**Work task:** The reply should consist solely of the lines from the one that holds "2 BHK Flat for" through the last line of the material, reproduced exactly; no pictures belong in it.

[Data for review — start]

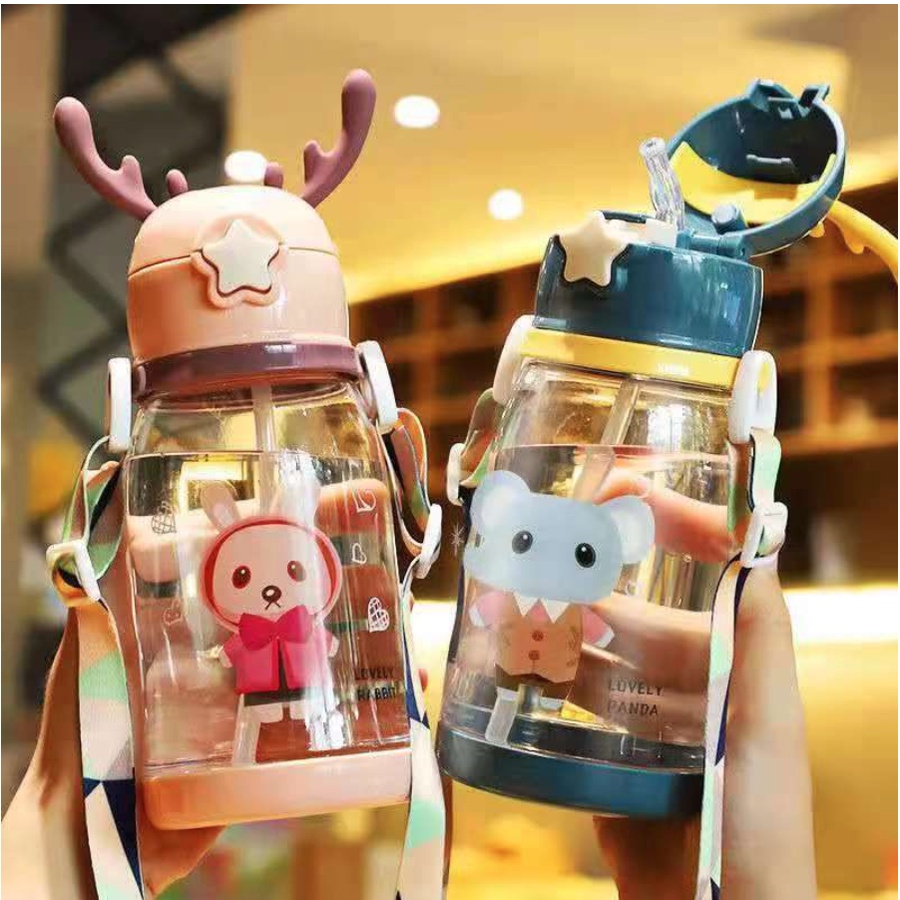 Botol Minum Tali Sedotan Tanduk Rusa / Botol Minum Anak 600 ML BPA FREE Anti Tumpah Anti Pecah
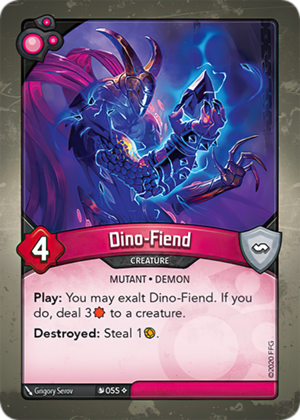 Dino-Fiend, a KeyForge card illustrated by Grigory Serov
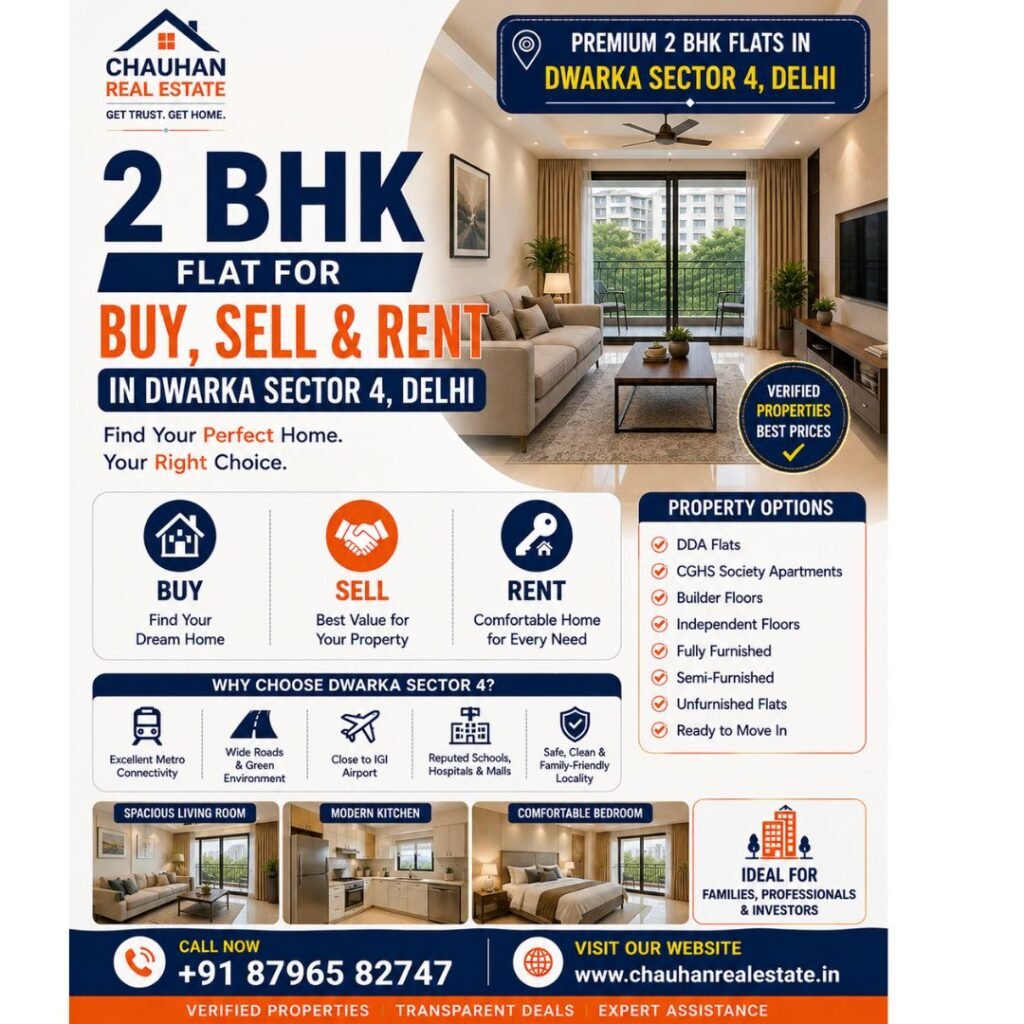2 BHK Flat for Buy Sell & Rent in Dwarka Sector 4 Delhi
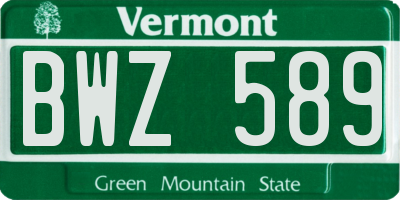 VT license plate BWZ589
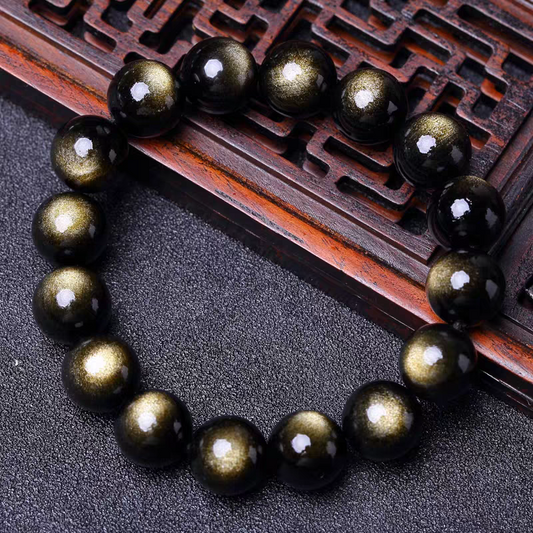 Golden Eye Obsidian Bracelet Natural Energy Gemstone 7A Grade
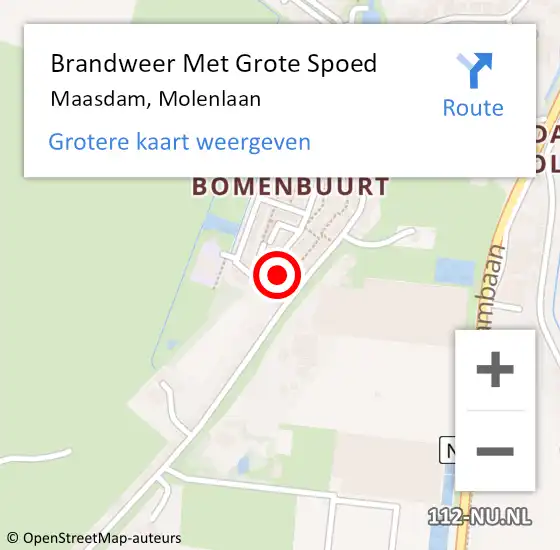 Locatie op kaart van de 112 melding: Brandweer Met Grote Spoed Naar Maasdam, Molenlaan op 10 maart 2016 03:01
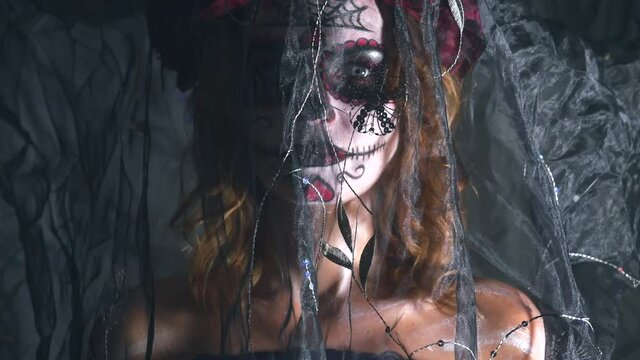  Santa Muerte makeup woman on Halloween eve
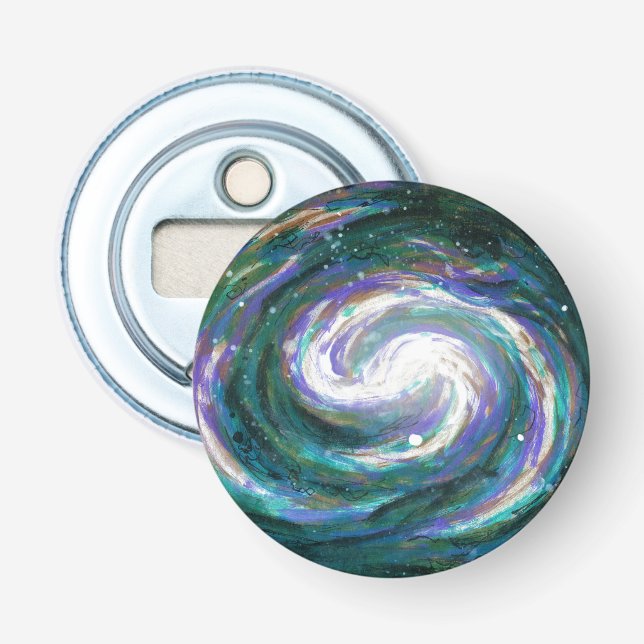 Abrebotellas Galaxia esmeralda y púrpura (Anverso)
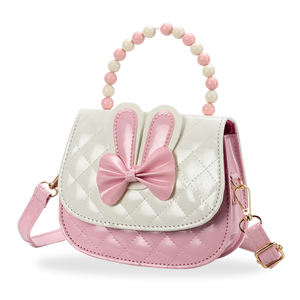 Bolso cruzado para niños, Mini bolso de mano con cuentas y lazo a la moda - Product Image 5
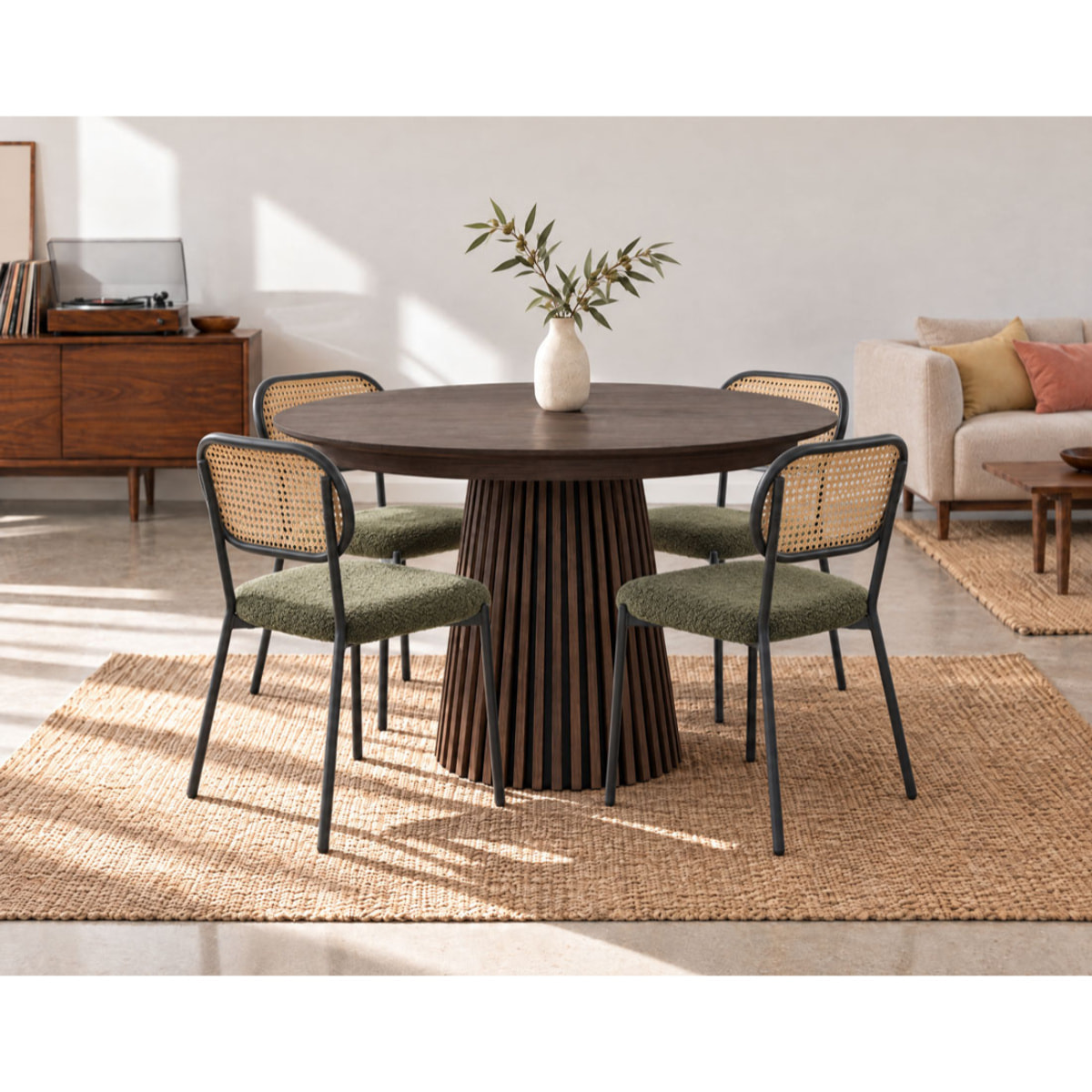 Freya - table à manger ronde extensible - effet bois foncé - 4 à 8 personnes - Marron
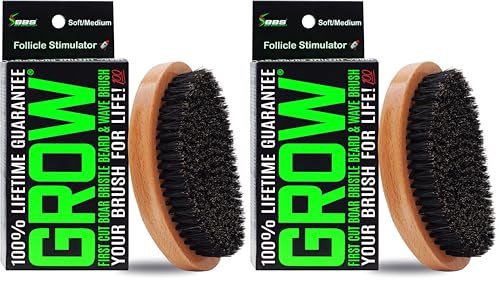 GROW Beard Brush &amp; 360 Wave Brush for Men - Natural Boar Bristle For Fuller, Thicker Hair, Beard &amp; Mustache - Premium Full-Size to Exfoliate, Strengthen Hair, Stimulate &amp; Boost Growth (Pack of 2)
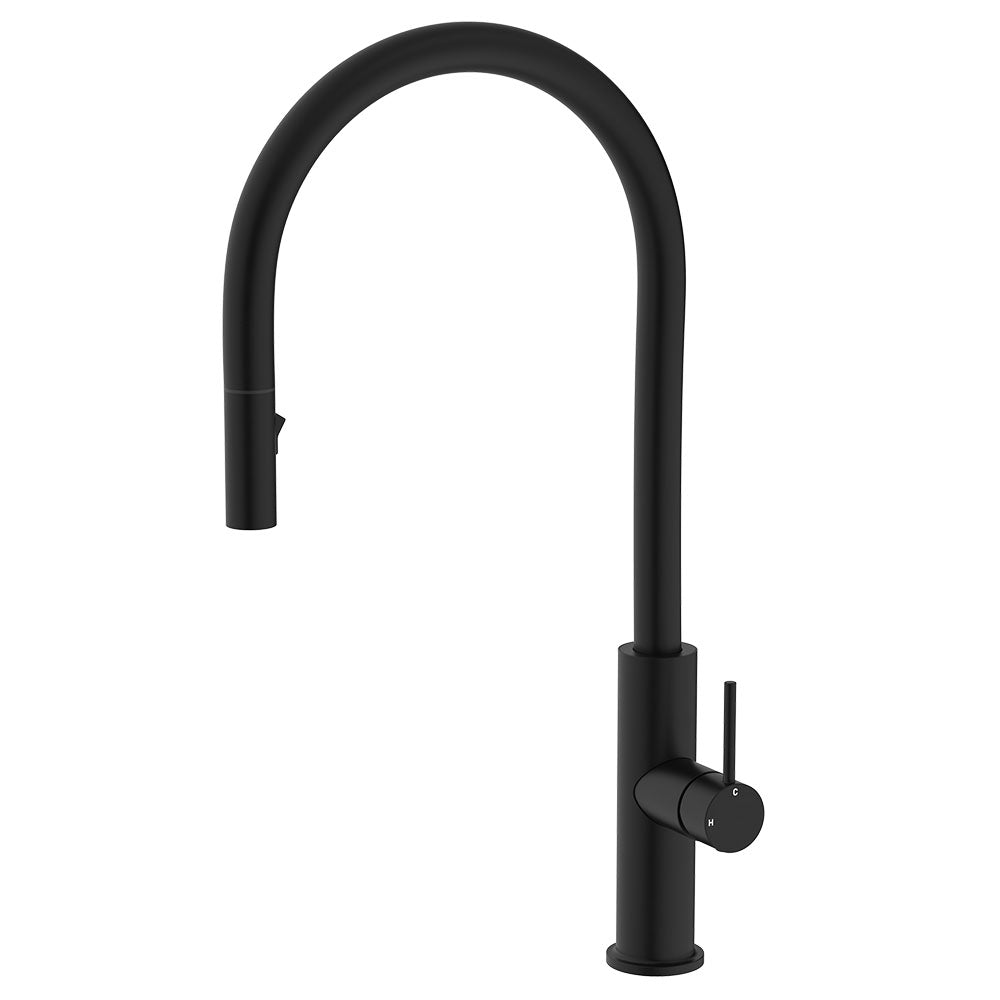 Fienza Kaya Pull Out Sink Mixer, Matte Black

[Data for review — finish]

**Answer to this task:**
2 BHK Flat for Buy Sell & Rent in Dwarka Sector 4 Delhi
 VT license plate BWZ589
 Golden Eye Obsidian Bracelet Natural Energy Gemstone 7A Grade
 Locatie op kaart van de 112 melding: Brandweer Met Grote Spoed Naar Maasdam, Molenlaan op 10 maart 2016 03:01
  Santa Muerte makeup woman on Halloween eve
 Abrebotellas Galaxia esmeralda y púrpura (Anverso)
 Bolso cruzado para niños, Mini bolso de mano con cuentas y lazo a la moda - Product Image 5
 Freya - table à manger ronde extensible - effet bois foncé - 4 à 8 personnes - Marron
 GROW Beard Brush &amp; 360 Wave Brush for Men - Natural Boar Bristle For Fuller, Thicker Hair, Beard &amp; Mustache - Premium Full-Size to Exfoliate, Strengthen Hair, Stimulate &amp; Boost Growth (Pack of 2)
 Fienza Kaya Pull Out Sink Mixer, Matte Black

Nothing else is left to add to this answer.